As Y-DNA and mtDNA do not recombine and only mutate, these mutations can be used to link people who share the same mutations into haplogroups – meaning that these people share a direct paternal or direct maternal ancestor in the last centuries or even millennia. Combining information on the locations of the earliest known ancestors of people who share this information can be quite interesting: it can help in pinpointing in what area the common ancestor might have lived. While the haplotrees of FamilyTreeDNA and YFull do indeed show the origins of a lot of the participants in the tree, this data is difficult to interpret: popularity of DNA testing varies wildly, which means that some countries have much larger samples than others. As a solution to this problem I have created a tool called Haplomapper, which maps of the FamilyTreeDNA data which use the relative frequency of the haplogroup in the sample, much like PhyloGeographer also had to do make maps using the YFull data. About half of the over 200.000 participants at FamilyTreeDNA have reported a country of origin for their direct paternal and maternal ancestors, so this makes for some nice and useful maps.
So how can this help you interpret your haplogroups? Let’s take the Y-DNA haplogroup R-U106 as an example. In the FamilyTreeDNA Y-DNA haplotree the number of participants who have been shown to belong to haplogroup R-U106 or any of its subclades seems to be the highest amongst participants who trace their paternal lines to England and other parts of the United Kingdom.
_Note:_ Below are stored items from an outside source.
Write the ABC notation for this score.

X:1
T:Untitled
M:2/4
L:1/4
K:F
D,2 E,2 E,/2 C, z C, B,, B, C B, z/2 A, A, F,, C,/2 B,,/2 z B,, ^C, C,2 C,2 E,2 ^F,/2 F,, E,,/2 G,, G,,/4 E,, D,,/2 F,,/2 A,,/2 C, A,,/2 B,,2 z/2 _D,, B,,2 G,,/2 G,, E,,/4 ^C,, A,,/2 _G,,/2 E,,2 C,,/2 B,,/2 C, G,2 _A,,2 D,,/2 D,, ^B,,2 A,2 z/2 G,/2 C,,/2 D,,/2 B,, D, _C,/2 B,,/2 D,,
When corrected for the number of tests taken in each country, it does however seem that the spatial distribution of R-U106 occurrences is not centered around the United Kingdom, but rather around the Netherlands and (to a lesser extent) Belgium, with high frequencies occurring in Denmark, Germany, Norway and Sweden as well! This is useful information: whereas previously someone of Belgian descent might have misinterpreted the earlier data representation (leading him to think his haplogroup did not occur frequently in Belgium), this representation sheds some new light.
Like any tool it should however be handled with care. It all depends on the quality of the available data. Looking at subclades of R-U106, R-S23189 shows that it has a high occurrence in people whose paternal lines originate in South Africa (which becomes even more prominent due to the fact that only 112 people with a paternal origin in South Africa tested their DNA). However, it may be more likely these people actually descend from the Dutch or English who colonized the country! So be warned: interpretation is key. To exclude certain smaller countries, the settings panel allows to exclude countries up to 200 tests.
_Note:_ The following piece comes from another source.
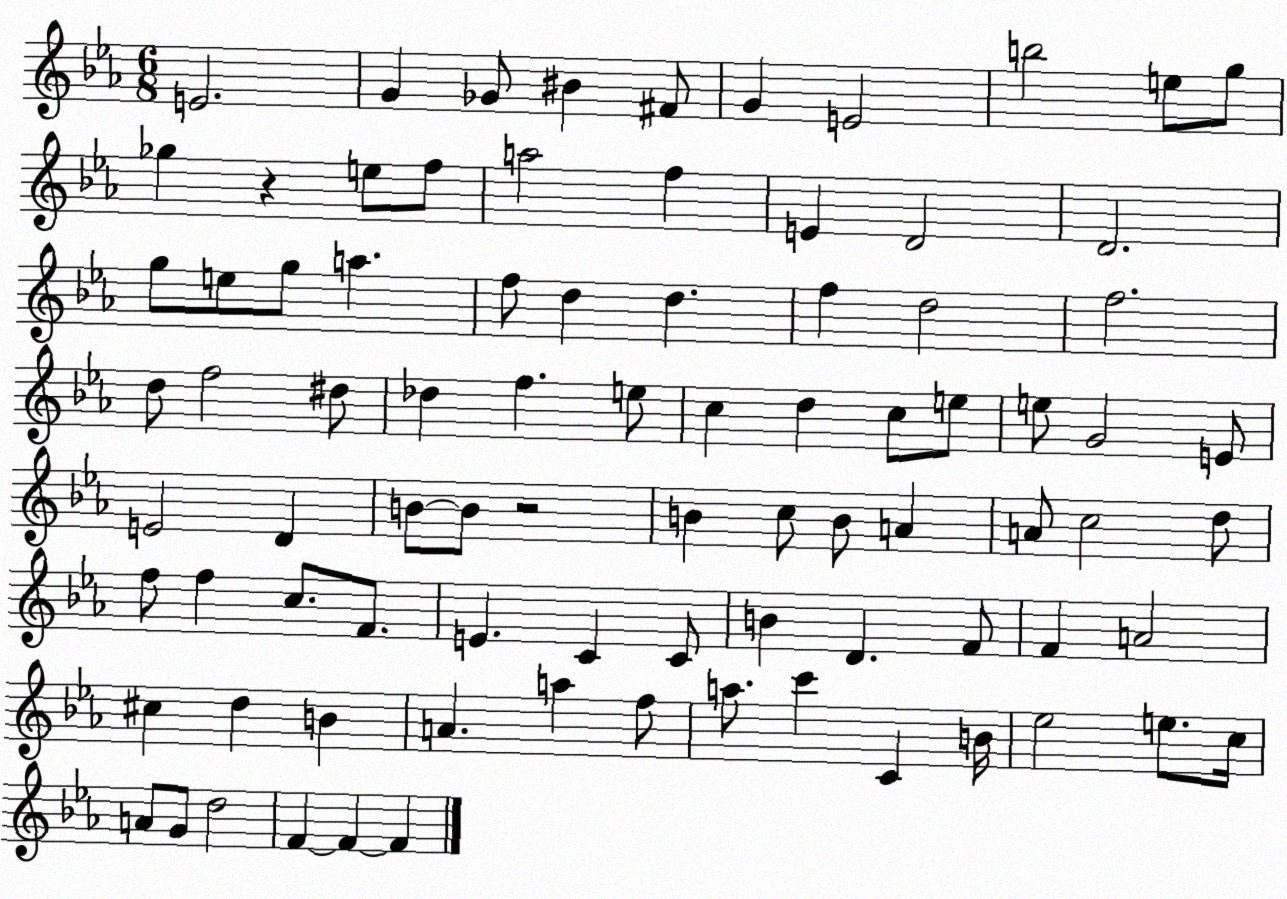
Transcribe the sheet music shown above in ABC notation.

Curious? Enjoy those maps!
One Reply to “Haplomapper: mapping spatial distributions of haplogroups using FamilyTreeDNA data”
I do have some reservations about the “FamilyTreeDNA Haplogroup” label on the search box of haplomapper. My DNA has been categorized into a maternal haplogroup and a paternal haplogroup by several companies. I understand that haplomapper uses FamilyTreeDNA data to make the visualization of distribution of tests for a particular haplogroup, but isn’t a haplogroup more generic than the company which analysed it? So, shouldn’t the label just be “Haplogroup”?